§ WHAT IS NEEDED
Retype the material that follows exactly, limited to the lines from the one with "GEORGE HARRISON R" through the one with "Detachable Cap ort", and keep out all pictures.

§ DATA EXTRACT
····················
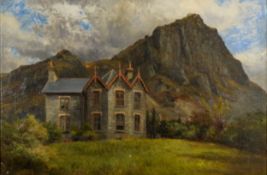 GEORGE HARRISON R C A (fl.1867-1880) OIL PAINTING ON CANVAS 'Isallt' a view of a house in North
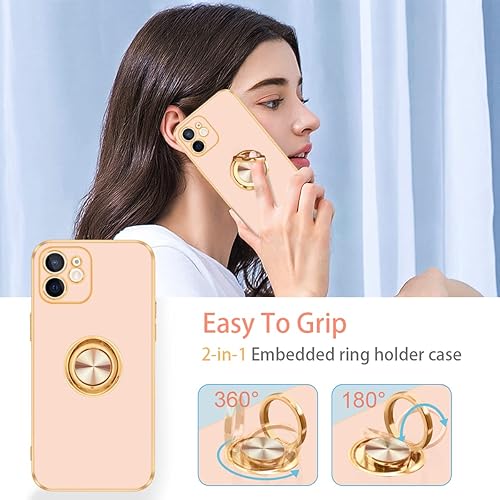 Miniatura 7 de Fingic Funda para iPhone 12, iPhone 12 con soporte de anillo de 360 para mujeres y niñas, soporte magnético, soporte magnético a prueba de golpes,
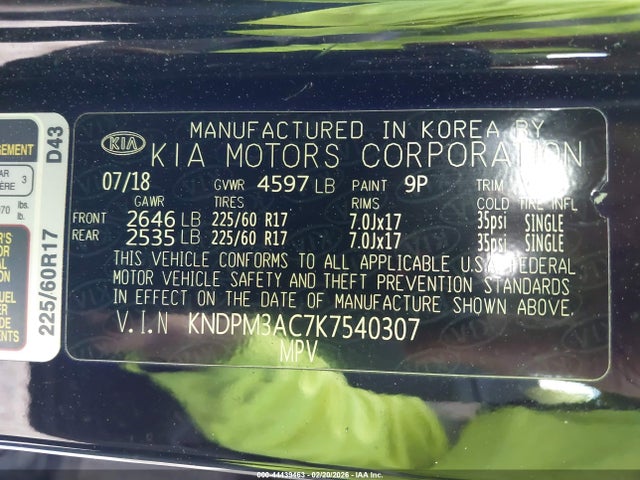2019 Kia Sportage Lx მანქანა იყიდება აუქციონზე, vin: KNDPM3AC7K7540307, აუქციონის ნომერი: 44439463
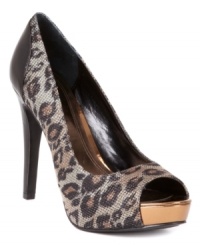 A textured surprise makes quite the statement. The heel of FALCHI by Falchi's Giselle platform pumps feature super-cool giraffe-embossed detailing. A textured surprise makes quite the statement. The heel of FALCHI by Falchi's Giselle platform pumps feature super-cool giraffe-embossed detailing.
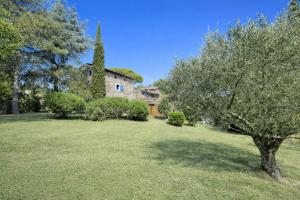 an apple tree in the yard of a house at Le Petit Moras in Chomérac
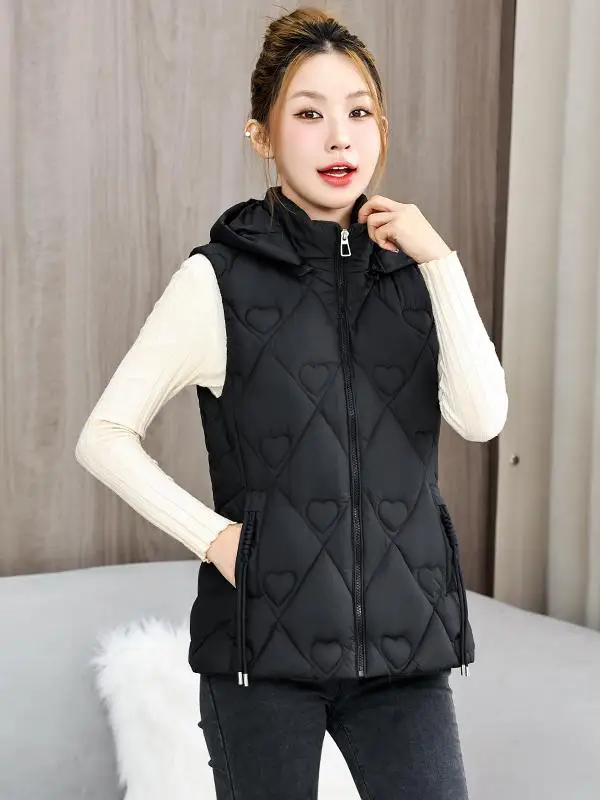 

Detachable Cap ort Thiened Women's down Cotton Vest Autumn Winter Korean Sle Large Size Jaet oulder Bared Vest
····················
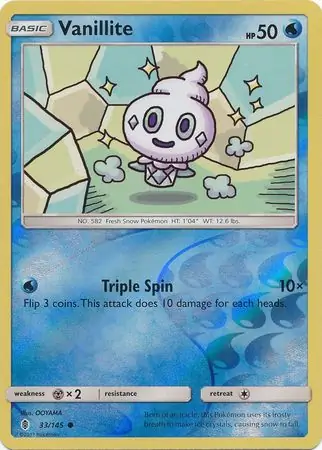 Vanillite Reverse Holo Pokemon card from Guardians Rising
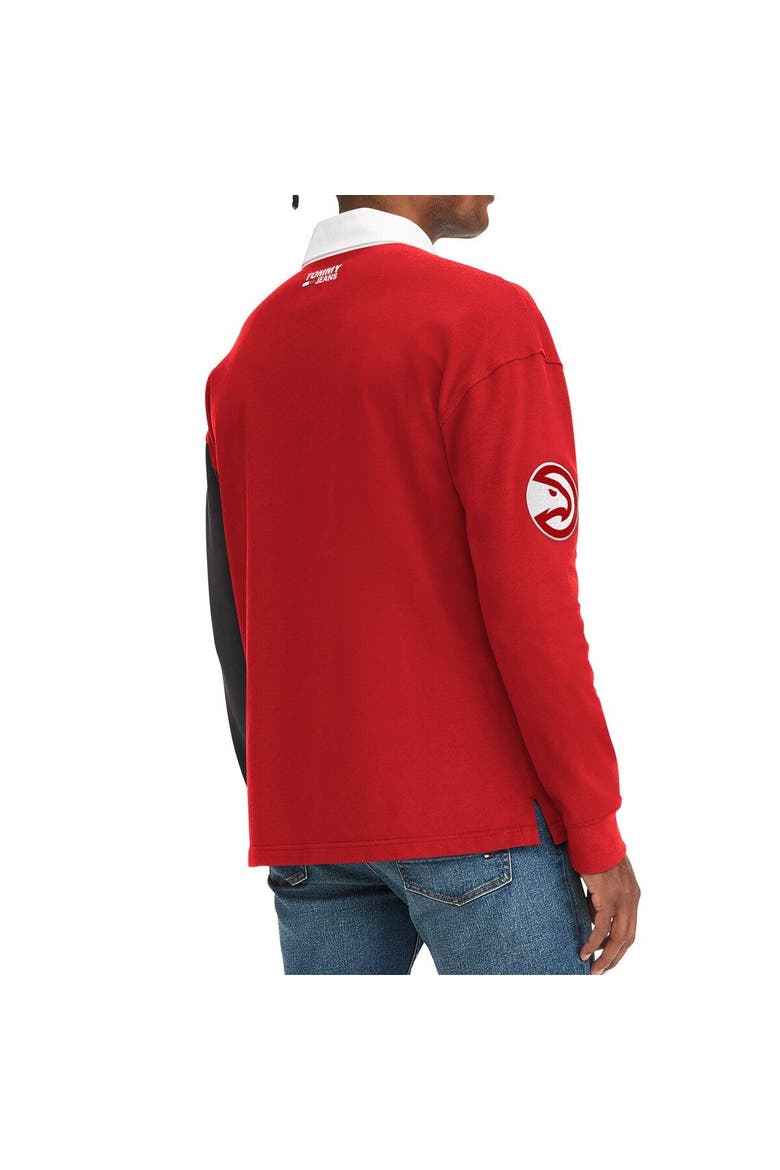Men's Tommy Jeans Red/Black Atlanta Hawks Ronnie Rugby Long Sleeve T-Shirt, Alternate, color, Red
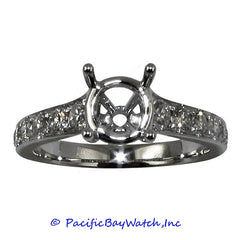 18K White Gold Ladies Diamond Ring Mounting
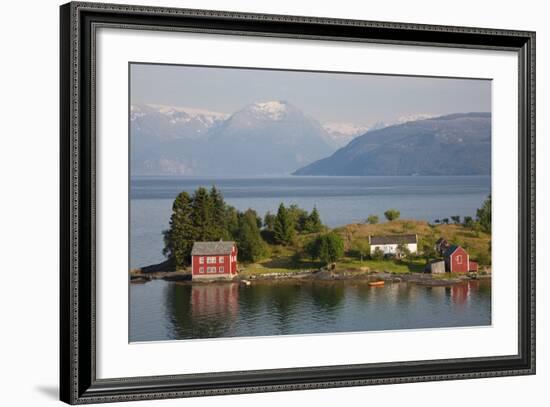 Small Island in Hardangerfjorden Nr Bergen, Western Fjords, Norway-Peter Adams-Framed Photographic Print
····················
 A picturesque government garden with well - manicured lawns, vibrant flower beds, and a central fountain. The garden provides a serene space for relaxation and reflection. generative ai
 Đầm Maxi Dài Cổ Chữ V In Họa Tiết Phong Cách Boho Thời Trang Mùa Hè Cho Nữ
····················
§ ANSWER TO THE EXERCISE
 GEORGE HARRISON R C A (fl.1867-1880) OIL PAINTING ON CANVAS 'Isallt' a view of a house in North
 Miniatura 7 de Fingic Funda para iPhone 12, iPhone 12 con soporte de anillo de 360 para mujeres y niñas, soporte magnético, soporte magnético a prueba de golpes,
2019 Kia Sportage Lx მანქანა იყიდება აუქციონზე, vin: KNDPM3AC7K7540307, აუქციონის ნომერი: 44439463
 A textured surprise makes quite the statement. The heel of FALCHI by Falchi's Giselle platform pumps feature super-cool giraffe-embossed detailing. A textured surprise makes quite the statement. The heel of FALCHI by Falchi's Giselle platform pumps feature super-cool giraffe-embossed detailing.
 an apple tree in the yard of a house at Le Petit Moras in Chomérac

Detachable Cap ort Thiened Women's down Cotton Vest Autumn Winter Korean Sle Large Size Jaet oulder Bared Vest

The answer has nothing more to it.